Just about every country you can think of in Asia–China, Japan, Korea, etc.–and Europe–Finland, France, Germany, etc.–ranked ahead of us. There are reasons people can cite as to why. The education systems in many Asian countries, for instance, are more stringent, with a longer school day and a longer school year. And in Europe there's perhaps not as much poverty or racial diversity, which is a challenge we face in the US that other countries don't. But in the sports world, we like to call all of these things excuses. Cite whatever you want. We suck. Period. And notice I didn't say our education system sucks. We suck. It's our responsibility. Part of the problem is we collectively blame a group of professionals in the industry without owning any of the utter shame and embarrassment we should all feel by these results.
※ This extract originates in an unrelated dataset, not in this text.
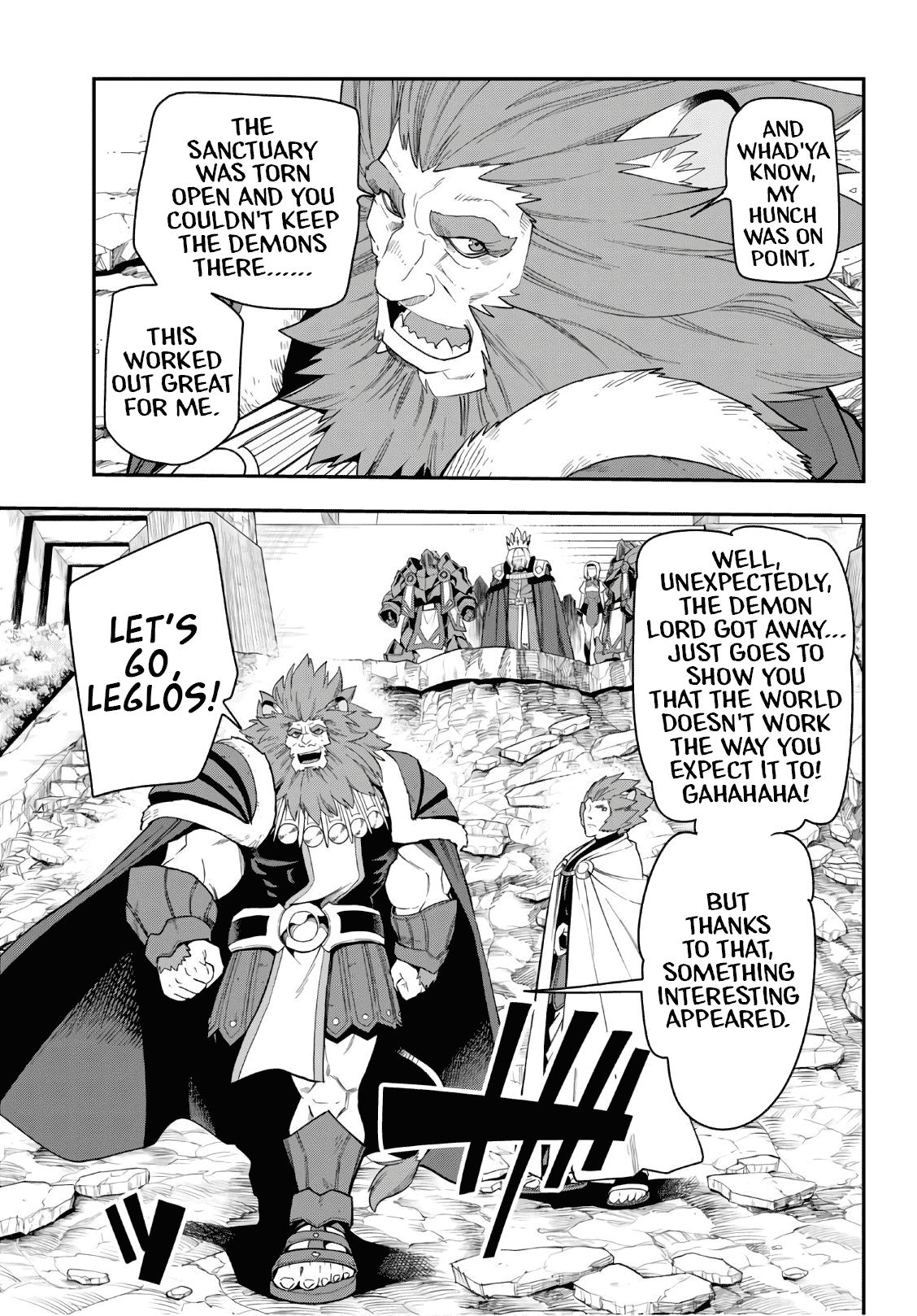 Page 10 of Chapter 65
What's worse is our ability to fix the problem. Every elementary school in my town has a Smart Board in every classroom. Google it if you don't know what I mean. They're pretty cool. We've made class sizes smaller. Built in API standards to measure progress. We've tried not to leave any child behind. We've given ourselves a head start and gotten ourselves hooked on phonics. Through all of this, our PISA scores have not improved AT ALL in the last decade. That's who we are now? The TV, the computer, the airplane, the light bulb and the Post-It note... we came up with all of that; the Miracle on Ice, won the war to end all wars, put a man on the moon–and are still the only country to do so–transplanted a mechanical heart into a dude...who lived afterward...and yet we can't figure out how to improve our education system. Amazing.

As a reporter, I covered schools and school issues extensively. I don't know what the exact cause of the problem is but I know in large part what it's not. The problem doesn't generally exist in the classroom. I know, you've seen Stand and Deliver and Dangerous Minds, but most classrooms in most schools in most places aren't F-bombs and knife fights. The students are reasonably engaged and generally pretty smart. And the teachers are not the problem, either. The number of "bad" teachers is pretty low. So, smart kids and good teachers–what's the problem then?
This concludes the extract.